Islam has given women a share in inheritance. Before Islam, women were not only deprived of that share, but were considered as property to be inherited by men. In Islam, whether a woman is a wife or a mother, a sister or a daughter, she receives a certain share from the wealth of the deceased close relative.
This share is hers by divine injunctions, and no one can take it away or disinherit her. Even if the deceased wishes to deprive her by making a will to other relations or in favor of any other cause, the Islamic law will not allow that to happen.

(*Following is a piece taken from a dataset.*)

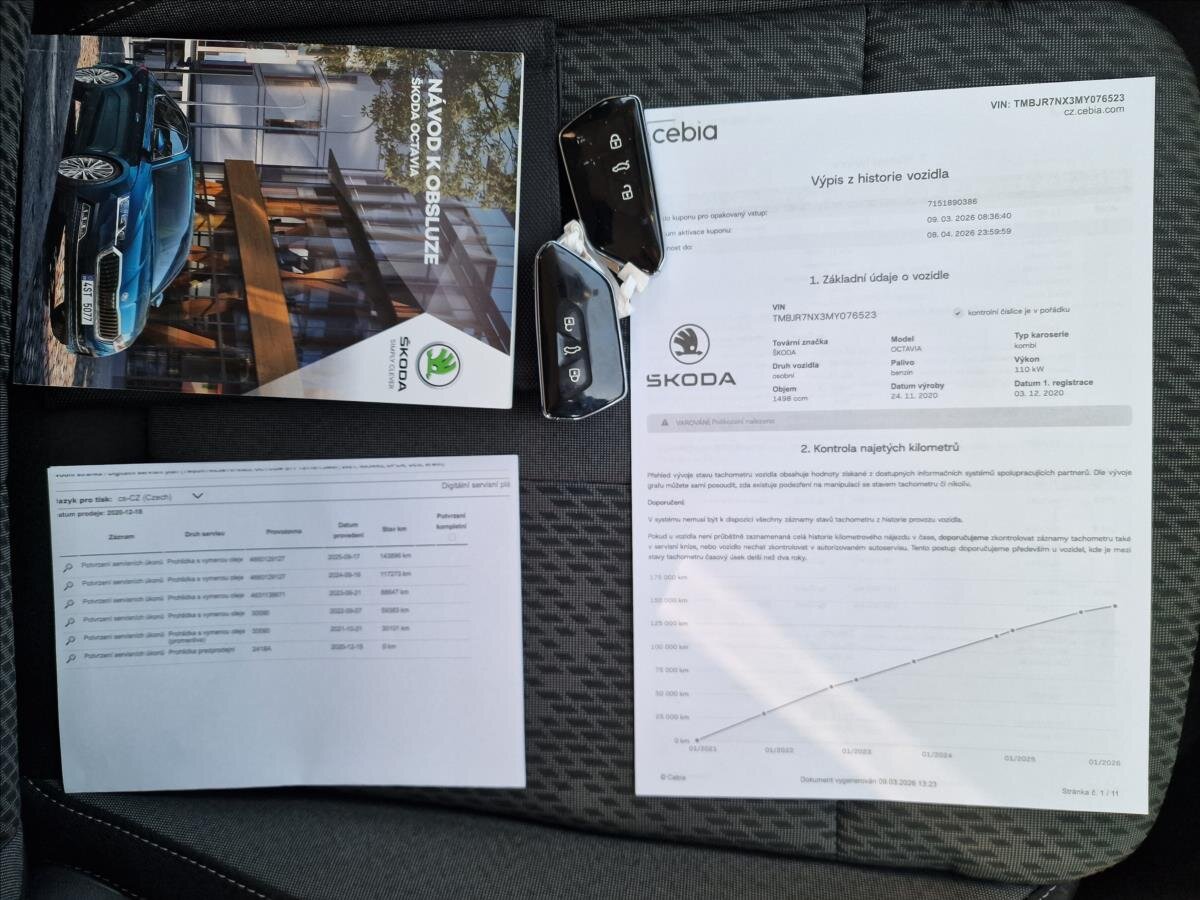 Škoda Octavia Kombi 1,5 l 110 kw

According to the Islamic law, a son receives twice as much as a daughter, a brother twice as much as a sister and a husband twice as much as a wife. But, this does not mean that the shares of men and women are unequal in all circumstances. In the case of father and mother, the share of both is the same in the wealth left by their deceased children.

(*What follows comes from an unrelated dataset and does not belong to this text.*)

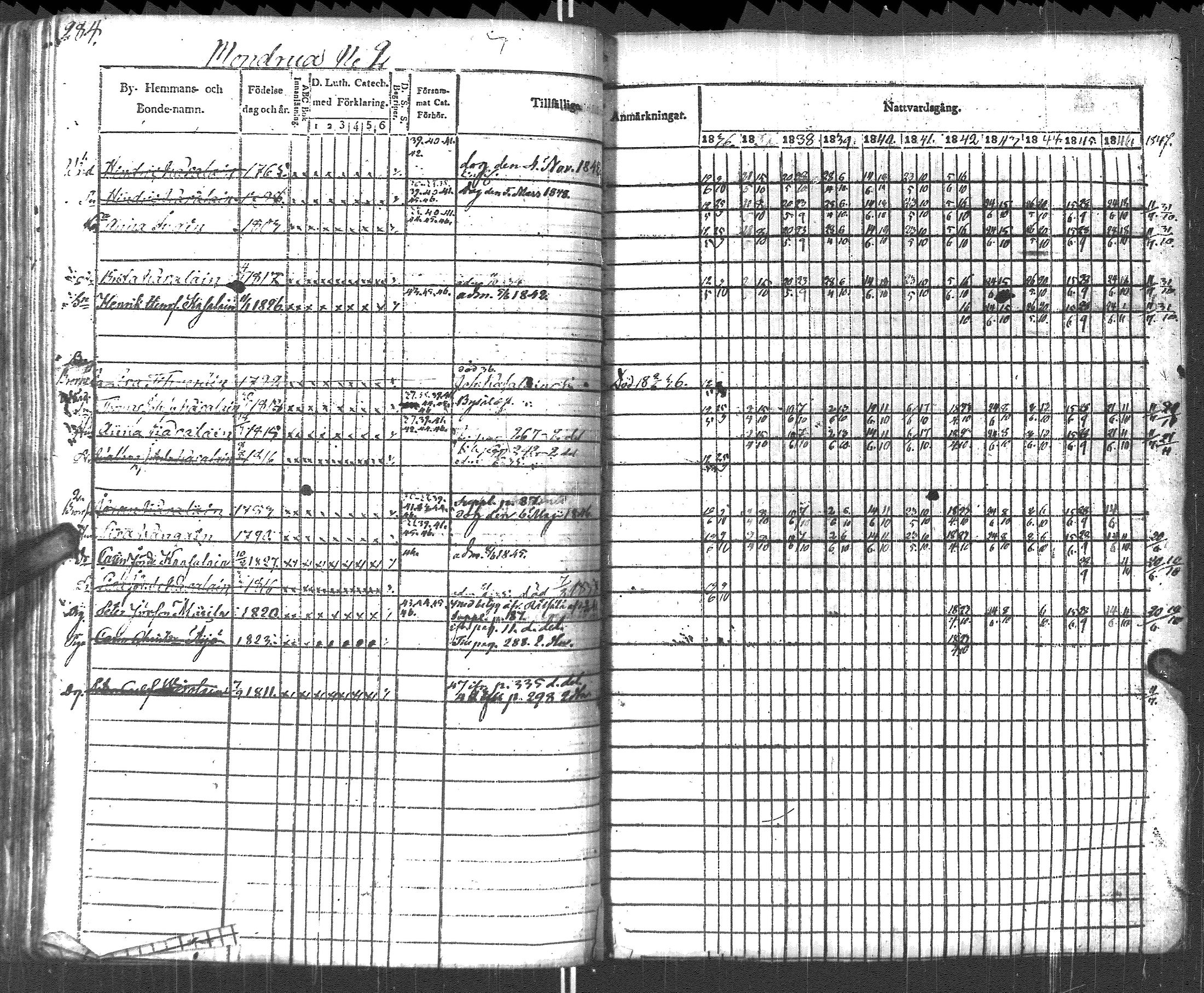 [ ../kirjat/Kirkonkirjat/pyhajarvi_vpl/rippikirja_1836-1848_uk708-709/kuvat/287.jpg ]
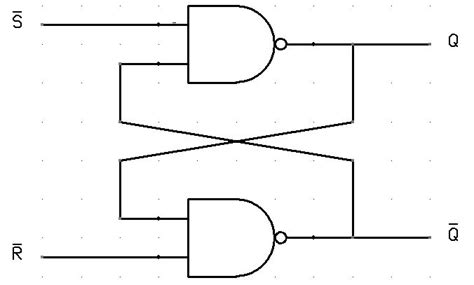 Logic Diagram And Truth Table Of Sr Flip Flop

Even if a deceased only leaves behind female heirs, they will be given their prescribed share. In one of the case, the only daughter the deceased leaves behind may receive as much as half of the inheritance and if there are more than two daughters, they together get two-third (2/3) of the remaining inheritance.
Muslim mothers, wives, daughters, and sisters had received inheritance rights roughly fourteen hundred years before Europe recognized that these rights should even exist in the first place. According to the Encyclopedia Americana, in English Common law, all the real property held by a woman at the time of her marriage became the property of her husband. He was entitled to the rent from the land and any profit that might be made from managing it. It was not until the late 1870s onwards in Europe that married women achieved the right to enter contracts and own property. In France, this right was not recognized until as late as 1938.

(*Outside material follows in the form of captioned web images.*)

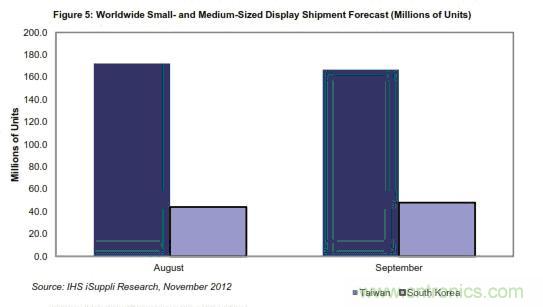 圖5:全球中小顯示器出貨量預(yù)測(cè)(按百萬(wàn)計(jì))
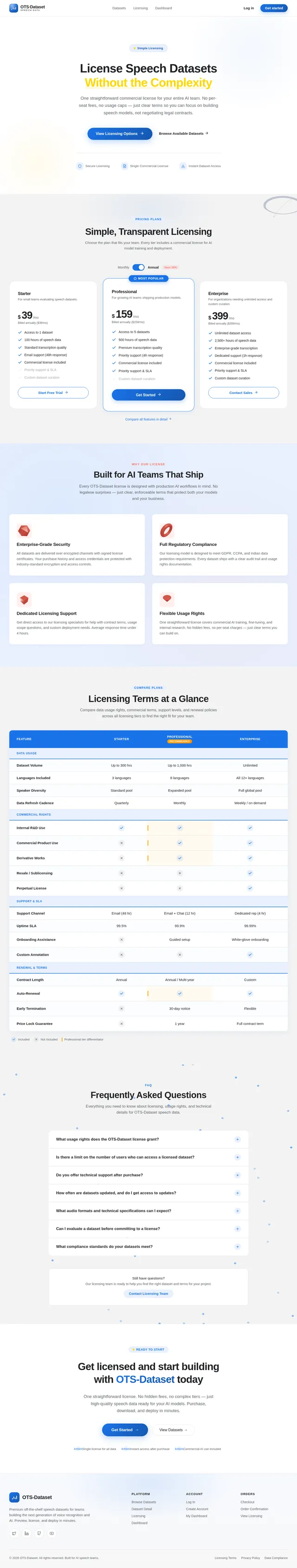 Licensing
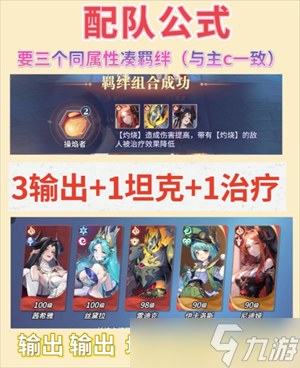 永夜降临复苏新手问题解答一览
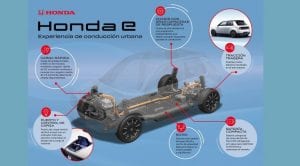 Honda e características técnicas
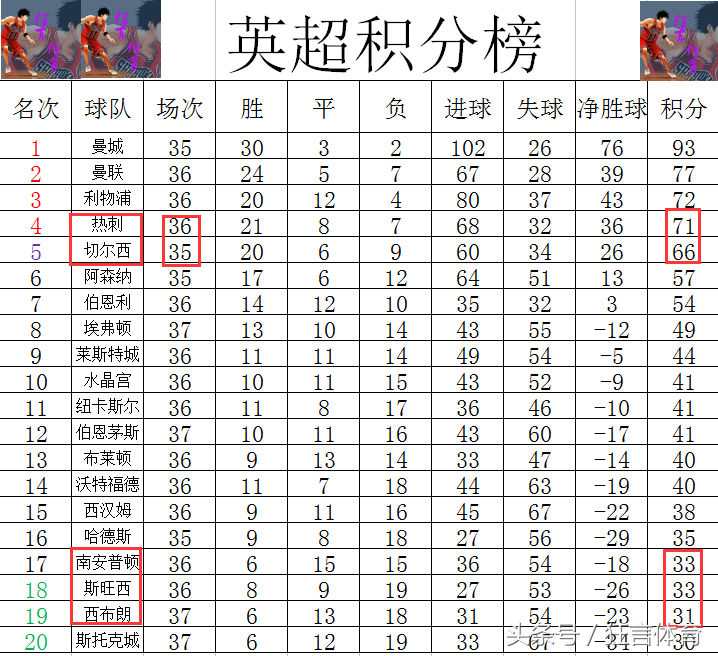 利物浦这口真气续不上了(胜曼联平利物浦四轮拿10分难保级，7连败开局1球未进如今却排第十)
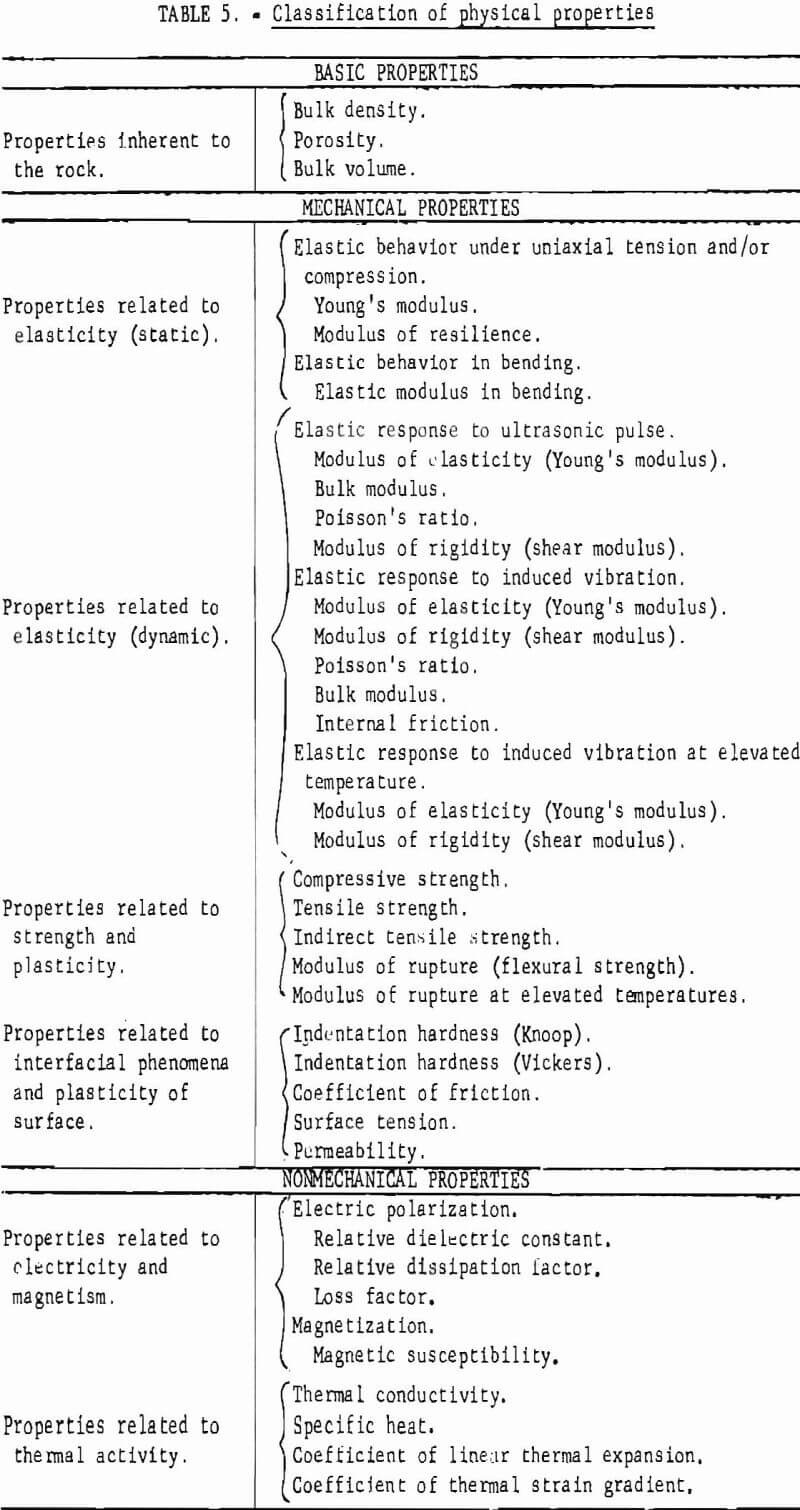 how to test rock classification of physical properties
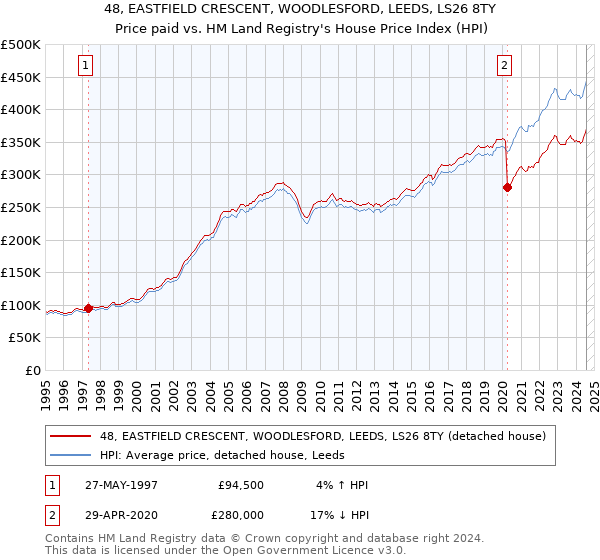 48, EASTFIELD CRESCENT, WOODLESFORD, LEEDS, LS26 8TY: Price paid vs HM Land Registry's House Price Index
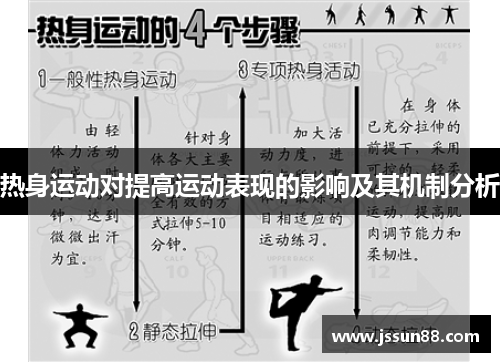 热身运动对提高运动表现的影响及其机制分析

As per Islamic inheritance law, a son receives twice as much as a daughter, a brother twice as much as a sister and a husband twice as much as a wife. In order to understand the rationale behind this rule, one must take into account the fact that the financial obligations of men in Islam far exceed those of women.
As per Islam, Muslim women can own property and wealth. They are entitled to have ‘Mehr’ (wealth at the start of marriage), ‘Wirasat’ (share in inheritance upon the death of husband, children, father and in some cases brother[s]). Islam does not make it obligatory on women to earn for their family. However, they can earn for the family and yet they are not obliged to spend their earnings on the family. They have a right to choose an occupation and earn. However, men are obliged to spend their earnings on the family and they are made primarily responsible for earning the livelihood for their family.
Besides, it needs to be realized that Islam highly regards family life. It strongly encourages young individuals to get married and Islam does not regard celibacy as a virtue. Hence, one could appreciate that Muslim men, in general, have greater financial burdens than Muslim women. Male heir is burdened with all financial responsibilities; whereas, a female heir is burdened with no financial responsibilities.